Picky, Picky, Picky!

I don’t know about the rest of you, but I’m already in August Mode, a frame of mind common among Washingtonians, New Yorkers and other pretentious pseudo-intellectuals of my ilk during which time unless, let's say, Obama is caught in fishnet stockings chasing a sumo wrestler or McCain is discovered to actually have spent the Viet Nam war in Canada making macramé bongs while his twin brother Skippy was the real POW, I simply don’t give a rat’s ass about politics. Save it for after Labor Day.

So I was surfing for non-political news earlier today at my usual haunts and ran across this story in Slate about amateur locksmithing.

This happens to be a topic about which I actually know a little something, albeit second-hand, because amateur locksmithing was the hobby of one of my oldest school friends, a fellow who shall remain unidentified despite the statutes of limitations having long since lapsed for his various youthful indiscretions.

Of which there were many. My friend, whom I’ll call here “Jimmy” after a fairly crude lock opening technique, became intrigued as a child with the inner workings of locks and keys and, more to the point, how to open the former without benefit of the latter. As skilled trades go, locksmithing is far more about brains than brawn and Jimmy has a logical mind and a meticulous temperament exactly suited to figuring out puzzles and therefore to picking locks.

By high school Jimmy had also managed to acquire a key cutting machine – don’t ask! – various tools of the trade including illegal lock picks and tension wrenches (more about which below), shims and so forth. He had also, um, ‘borrowed’ locks from schools, churches and other public and semi-public places, dismantling them and discovering in the process how to make master keys to those entire buildings or building complexes.

I hasten to point out that Jimmy had no larcenous intentions in any of this. He simply viewed a locked door or a lock of any sort as a challenge. The fun was all in figuring out how to thwart the lock owner’s desire to keep him out, not in actually entering where he wasn’t wanted. It was, in short, simply a game.

Okay, so every once in a while there were more, um, practical applications of this skill.
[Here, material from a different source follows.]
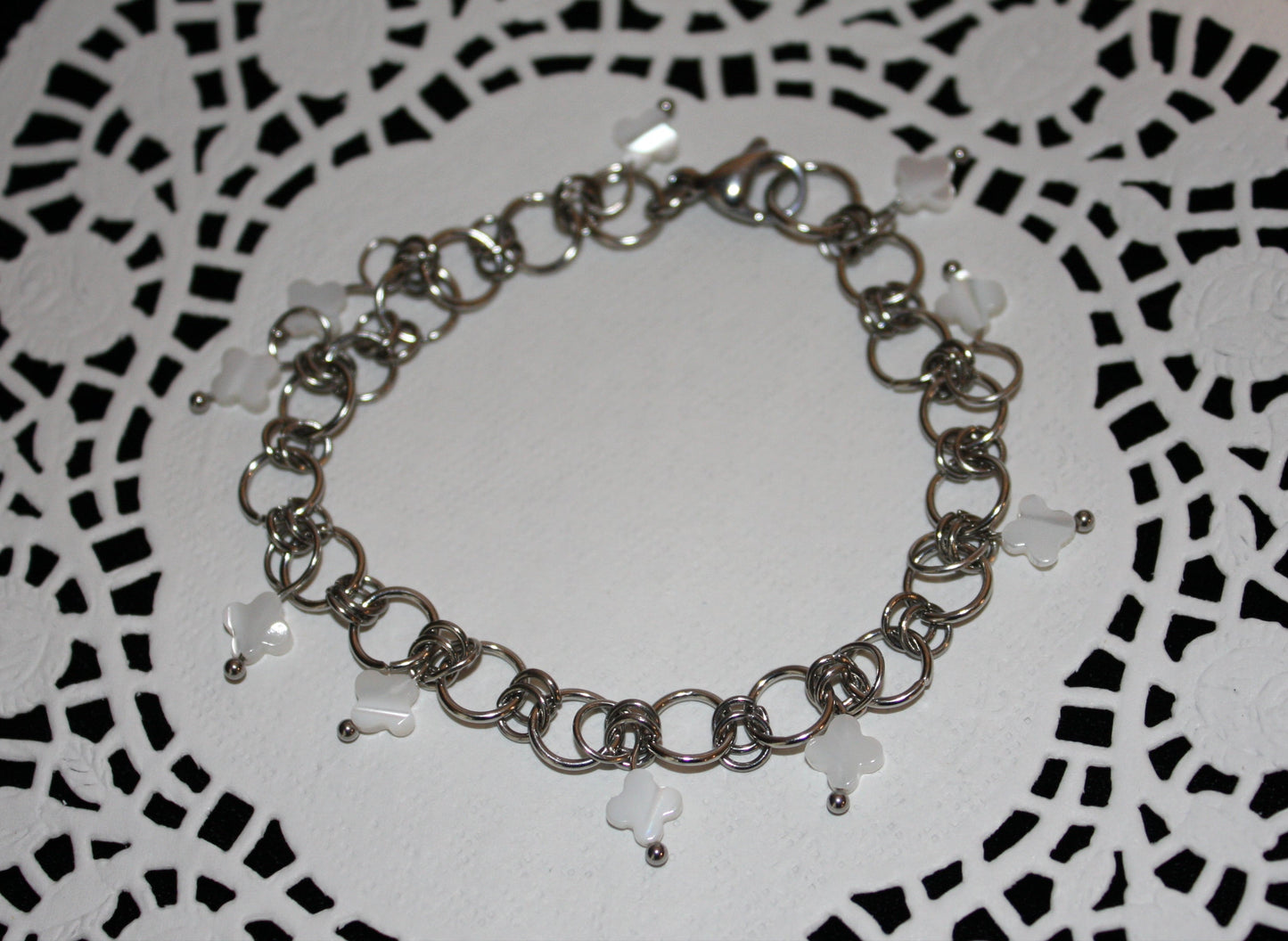 shell charm bracelet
In the late 1960s, when the suburban youth of America (1) had just discovered the pleasures of marijuana but (2) were convinced that there were millions of ‘narcs” lurking just about everywhere, having a key that could stop the elevator between floors in a local apartment building (not ours!) long enough to smoke a joint and then wait for the ceiling exhaust fan to remove the tell-tale scent before turning the elevator back on was the perfect solution to our privacy problem. Keys to the padlocked chains barring vehicular entry into public parks where a young couple might go parking at night similarly proved handy.

Of course, that was all many, many years ago and my friend Jimmy is now a respected member of one of the learned professions and a disquietingly conservative pillar of his community. My guess is that he doesn’t even smoke pot anymore, let alone take young girls parking.
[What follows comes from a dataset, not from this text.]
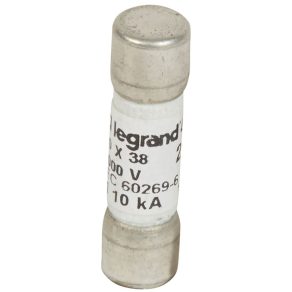 Siguranță cilindrică Legrand 10x38 20A 1000V= - 414630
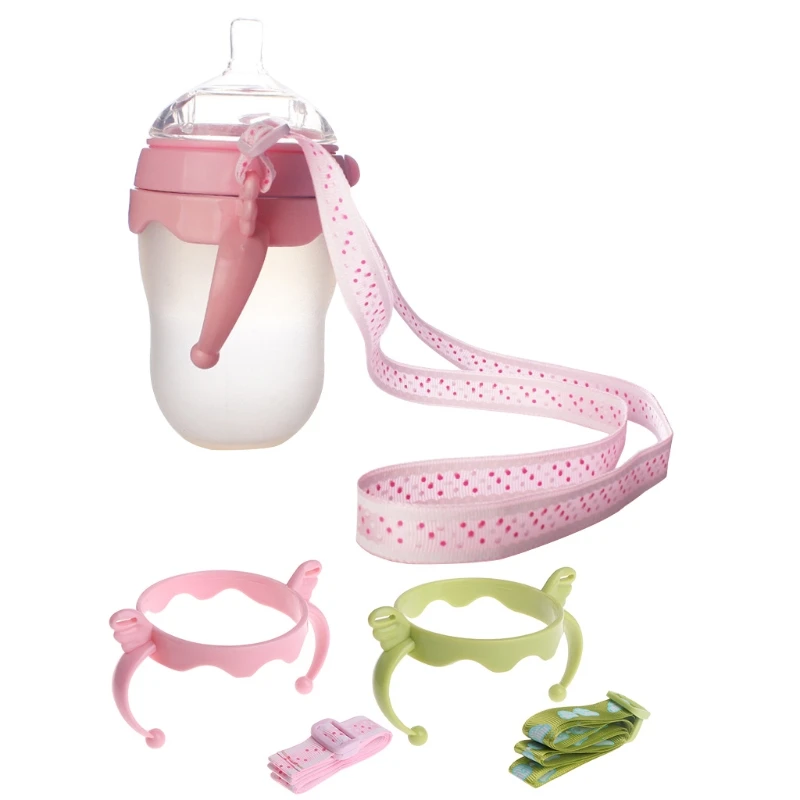 For Comotomo Easy Cleaning 2 Count (pink/green) Easy Grip Dr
Woolgathering about my salad days (“Block that mixed metaphor!”) aside, the thing about this amateur locksmithing business is that its opposition is such a classic case of vested interests trying to protect their once largely unchallenged turf and trotting out all the usual and typically disingenuous “public interest” arguments in the process.

Case in point: I could be charged in many jurisdictions with possession of burglary tool over the fact that I have, courtesy of Jimmy, a small lock picking kit I’ve used on countless occasions when I or a friend lost or misplaced a key. At least the way the law used to be written, unless you were a bonded locksmith, such mere possession was sufficient grounds for conviction of a misdemeanor. After all, if you weren’t a real locksmith, what on earth could you possibly want with such implements except to commit a crime? Right?

[Insert “possession of rape equipment” joke here.]

I wasn’t aware that amateur locksmithing was so popular a hobby as the Slate article suggests, but I’m glad to hear it. Truth be told, I misplaced my old pick set a few years ago. Hey, maybe I can just order one online these days! To be sure, there are legitimate arguments in favor of keeping some sorts of information confidential. But knowing how to open a pin-tumbler lock, even a Medeco lock, without having to use bolt cutters hardly rises to the level of legitimate state secret. And as the enthusiasts correctly point out, the first step in building a better mousetrap lies in finding out the weaknesses in the old model. That’s what we call progress.